The case involved a Debenture Trust Agreement (DTA) and Debenture Trust Deed (DTD) executed in 2017 between Reynold Shirting Ltd. (Principal Borrower) and the Financial Creditor, and a separate Guarantee Agreement executed by the Corporate Debtor. The original default dated back to June–September 2020, which fell within the Section 10A period. The Financial Creditor filed a Section 7 petition in 2022, but it was withdrawn after a Restructuring Agreement was entered into on 27.12.2022. The Corporate Debtor voluntarily participated in the restructuring, acknowledged joint liability, and agreed to repay a revised sum of ₹162.5 crore in instalments. However, the Principal Borrower defaulted on the second instalment due on 25.03.2023. A fresh recall-cum-invocation of the corporate guarantee was issued on 23.01.2024, and a new Section 7 application was filed thereafter, which was admitted by the Adjudicating Authority.
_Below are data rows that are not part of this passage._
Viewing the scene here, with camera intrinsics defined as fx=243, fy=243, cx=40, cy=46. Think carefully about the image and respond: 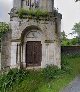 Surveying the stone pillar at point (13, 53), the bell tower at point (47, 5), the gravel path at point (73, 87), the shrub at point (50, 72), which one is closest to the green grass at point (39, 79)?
the shrub at point (50, 72)

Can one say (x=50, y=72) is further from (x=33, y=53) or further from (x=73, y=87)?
(x=73, y=87)

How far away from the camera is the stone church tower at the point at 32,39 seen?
62.4 ft

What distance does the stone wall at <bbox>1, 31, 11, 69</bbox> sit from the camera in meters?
18.8

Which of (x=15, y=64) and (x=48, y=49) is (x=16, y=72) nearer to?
(x=15, y=64)

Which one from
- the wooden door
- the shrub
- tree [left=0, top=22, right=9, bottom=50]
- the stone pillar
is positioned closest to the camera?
the shrub

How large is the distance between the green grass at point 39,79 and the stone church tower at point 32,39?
92cm

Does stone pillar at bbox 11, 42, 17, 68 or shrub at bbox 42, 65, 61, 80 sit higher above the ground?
stone pillar at bbox 11, 42, 17, 68

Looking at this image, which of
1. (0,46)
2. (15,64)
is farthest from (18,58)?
(0,46)

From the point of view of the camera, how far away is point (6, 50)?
62.3 feet

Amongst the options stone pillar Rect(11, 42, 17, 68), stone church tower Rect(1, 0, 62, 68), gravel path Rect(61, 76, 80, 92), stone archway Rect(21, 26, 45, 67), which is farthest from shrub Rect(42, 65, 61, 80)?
stone pillar Rect(11, 42, 17, 68)

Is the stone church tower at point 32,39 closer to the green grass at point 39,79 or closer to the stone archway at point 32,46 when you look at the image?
the stone archway at point 32,46

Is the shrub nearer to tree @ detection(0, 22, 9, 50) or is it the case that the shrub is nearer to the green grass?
the green grass

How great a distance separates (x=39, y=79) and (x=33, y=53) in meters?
3.26

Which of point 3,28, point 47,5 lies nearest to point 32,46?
point 3,28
The Appellant contended that the restructuring did not alter the original date of default and that once a guarantee was invoked, it could not be repeatedly invoked to establish a new cause of action. It was also argued that the IRP appointed was biased due to past employment with the Financial Creditor. The NCLAT rejected these arguments, holding that the Guarantee Agreement was a continuing guarantee and that the Restructure Letter of 27.12.2022 had expressly superseded earlier arrangements, thereby creating fresh and enforceable obligations. The default of 25.03.2023 was treated as a distinct and subsequent event of default not covered under the Section 10A moratorium. The Appellate Tribunal further noted that the invocation of the guarantee in January 2024 was valid and based on default of the restructured terms, thus forming a fresh cause of action.
The NCLAT also found no merit in the allegation of bias against the IRP, relying on the Supreme Court’s judgment in State Bank of India v. Metenere Limited, REEDLAW 2020 SC 08531, which clarified that prior employment alone does not disqualify an IRP in the absence of a current conflict of interest. The Tribunal held that the Adjudicating Authority had rightly accepted the Financial Creditor’s application and there was no illegality in initiating CIRP on the basis of post-restructuring default. Accordingly, the appeal was dismissed, affirming the Adjudicating Authority’s order, with no order as to costs.
Mr. Krishnendu Dutta, Sr. Advocate, with Mr. Shashank Patnaik, Mr. Karan Grover and Mr. Yash Tandon, Advocates, represented the Appellant.
Mr. Abhijeet Sinha, Sr. Advocate with Mr. Pranay Chitale and Ms. Smiti Verma, Advocates, appeared for the Respondent No. 1.
Mr. Ayush J. Rajani, Advocate, appeared for the Respondent No. 2/RP.